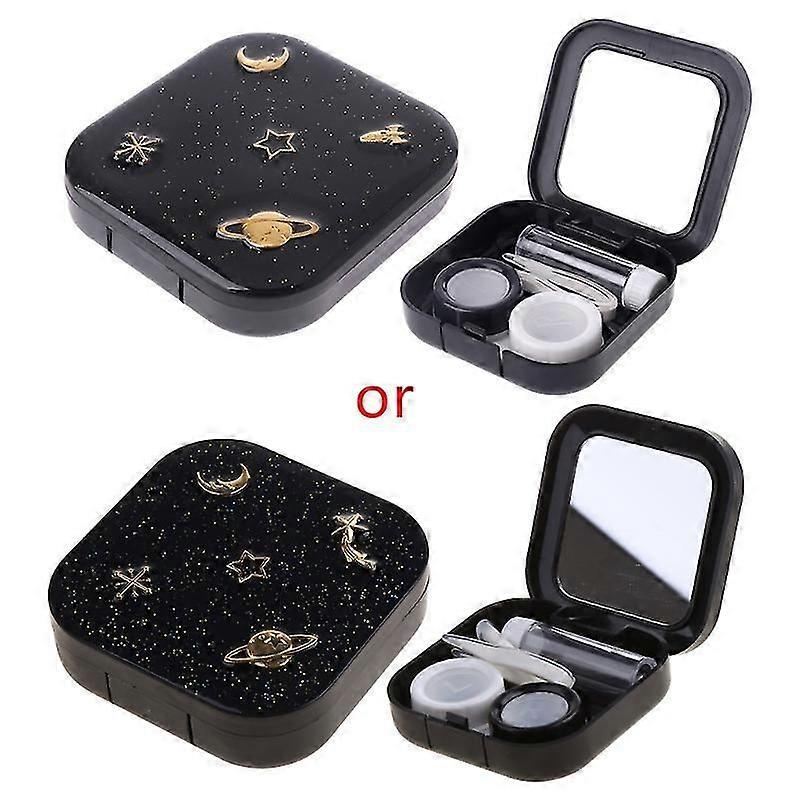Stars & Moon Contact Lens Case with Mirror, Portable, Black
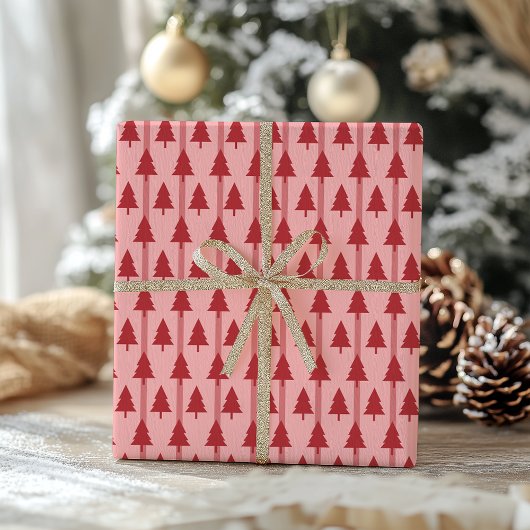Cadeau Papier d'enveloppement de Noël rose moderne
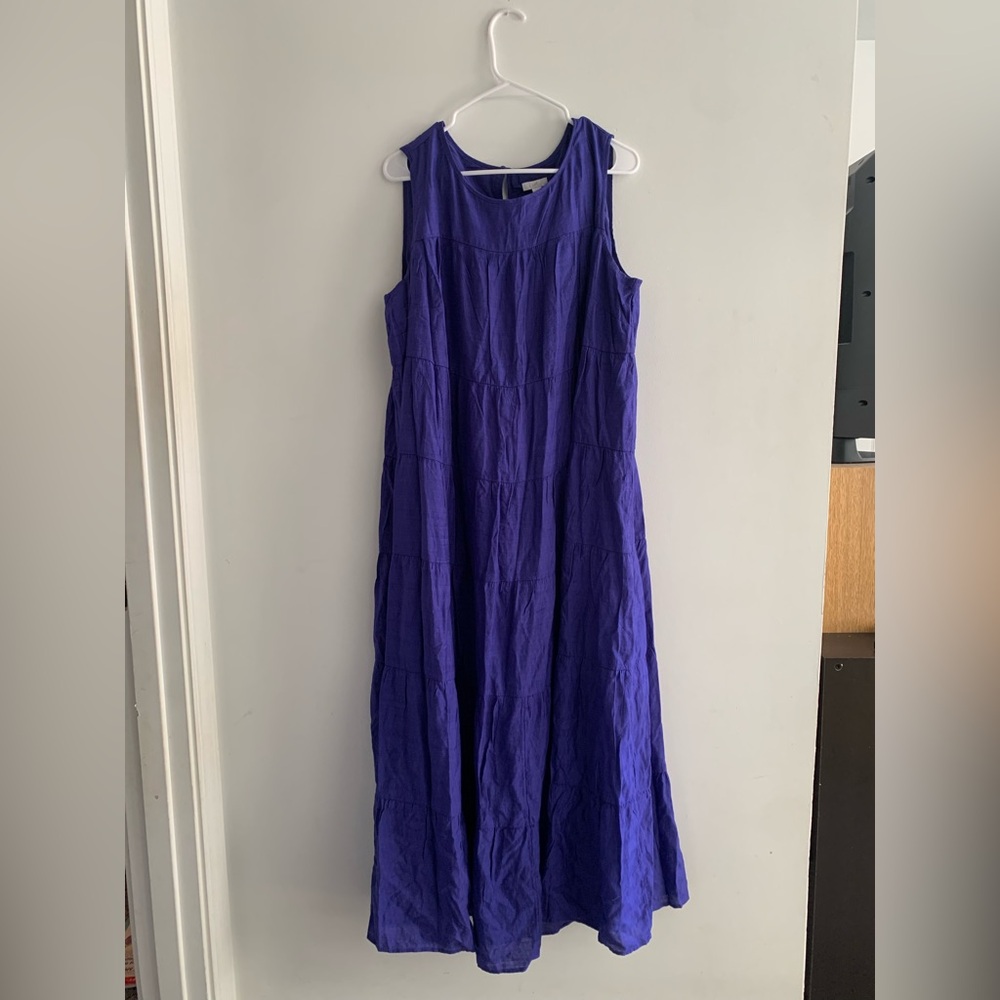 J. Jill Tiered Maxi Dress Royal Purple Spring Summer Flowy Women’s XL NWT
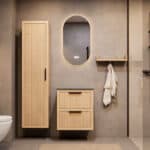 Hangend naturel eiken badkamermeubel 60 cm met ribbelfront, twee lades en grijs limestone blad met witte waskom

Task » "Cadeau Papier d'enveloppement" marks the first line to copy; copy that line and every line after it through the last line of the listing, exactly and without pictures.

Your solution »
Cadeau Papier d'enveloppement de Noël rose moderne
 J. Jill Tiered Maxi Dress Royal Purple Spring Summer Flowy Women’s XL NWT
 Hangend naturel eiken badkamermeubel 60 cm met ribbelfront, twee lades en grijs limestone blad met witte waskom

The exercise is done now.